Three Tethers to Life and Living: A former child of abuse, U.S. Marine, and Police Officer’s Short Story of Living with PTSD. (May is Mental Health Month)


“I don’t know why it is that some of my best days on the river have

begun with waking alone in the darkness, truly alone, with that deep,

empty feeling—that hollow aloneness that you cannot shake free of. It

had been some time since my service in the Marines, but years later, the

ghosts came to call, and I found myself afraid to sleep, knowing they

would come back. A doctor helped me to chase away the ghosts, but

the feeling of emptiness remained. I guess sometimes surviving is your

punishment. So, you stand in the river, facing upstream with the water

rushing down upon you as if it could somehow fill the hollow emptiness—

and somehow, it always does. So, it was one morning. I stood there,

without even casting and with no trout rising, and as the water rushed

past me, I knew it was washing my burdens behind me, swirling them

downstream like the autumn leaves.


There is a great deal about living that trout can teach us. They teach

us how to keep swimming even in a steady current. Trout know that if

they stop swimming, they cease to be trout and begin to become debris,

floating without purpose wherever the current may take them. Trout

know that if they keep swimming, facing into the current, perhaps in

the eddy of a rock, all that they need to truly live will eventually come to

them. I learn a great deal from trout.”


These words can be found in my first book, “Casting Forward: Fishing Tales from the Texas Hill Country, and they begin a story that has not yet come to an end. It is the story of how I have thus far continued to live with a deeply wounded soul and broken heart. It’s not a sad story; it’s a story of resilience and gratitude as it can be found in the presence of loved ones and at the end of a fly rod.


If you knew my whole story, and it will go with me when I cross the river for the last time… you’d wonder how it is that I have managed to keep breathing and remain largely intact as a person of good humor, much gratitude, and gobs of love.

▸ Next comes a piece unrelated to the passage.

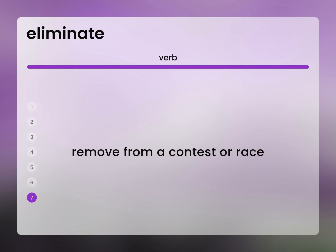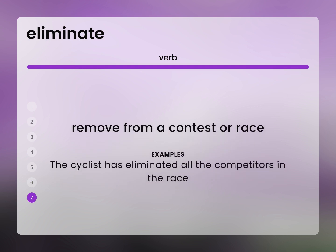Remove from a contest or race. The cyclist has eliminated all the competitors in the race.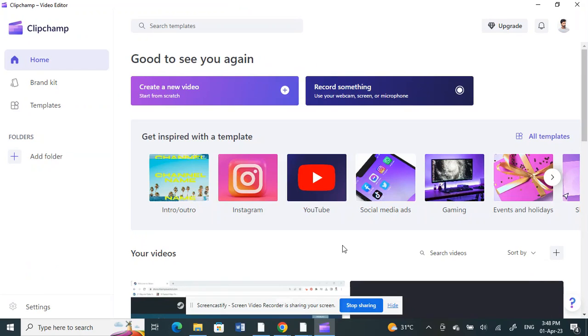Hello everyone, welcome to our channel. Today in this tutorial I'm going to show you how to blur objects in Clipchamp. If you want to blur something or a specific area in a video in Clipchamp, here's what you can do.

Here is my answer, it’s short, yet quite sweet. I am alive today because of four things: Love, Mindfulness, Gratitude, and the act of Fly fishing, which can encompass the previous three. Please allow me to explain:


Love: It’s not what I have received that gave me reason to keep going but rather, the unconditional love I chose to give. When you love someone you chose to stick around – for them. You endure the pain so they won’t have to, and you find solace in the peace and joy you feel as you give love to others.


Mindfulness: By living in the moment, aware and awake, I am reminded that everything is impermanent – both pain and joy. Nothing last for ever so like a fish in a river, I adapt to the moment and take what comes.


Gratitude: I count my blessings, not my burdens.


Fly fishing: Nature Heals. Nature Teaches. Nature doesn’t need us; we need nature. Fly fishing allows me to be in the moment, mindful of the fish, river, currents, wind, trees, birds and the rhythm of my on casting. It allows perspective and reminds me that the only thing I can control is, my reaction to circumstances. Nature teaches us that “fairness” is a human construct. It is an illusion and an unreasonable expectation. And the only control any of us has over the construct of “fairness” or “justice” is in the actions we choose to take toward another human being – or living thing. Fly fishing reminds me to slow down, live now, let go. I cast as I breath. I retrieve line to the rhythm of my heart beating.


“And so, I stand in the river casting back and forth, trying to lose

that feeling of being alone. It is then that the rainbow rises and takes my

offering. I raise my rod, and all at once, I am no longer alone. I am connected

to his powerful runs, facing into the current. Silver line connects

us, both fighting to live—two beating hearts. He comes to my net. I hold

him gently, rocking him back and forth in the cold rushing water. “Gain

your strength, dear warrior,” I say. Am I speaking to him or to myself?

With a kick of his tail, he returns to the river—and I go with him.”


When life feels unbearable I ask you to consider holding on to just a few things: Love, Mindfulness, Gratitude, and your Fly Rod. Let go of everything else.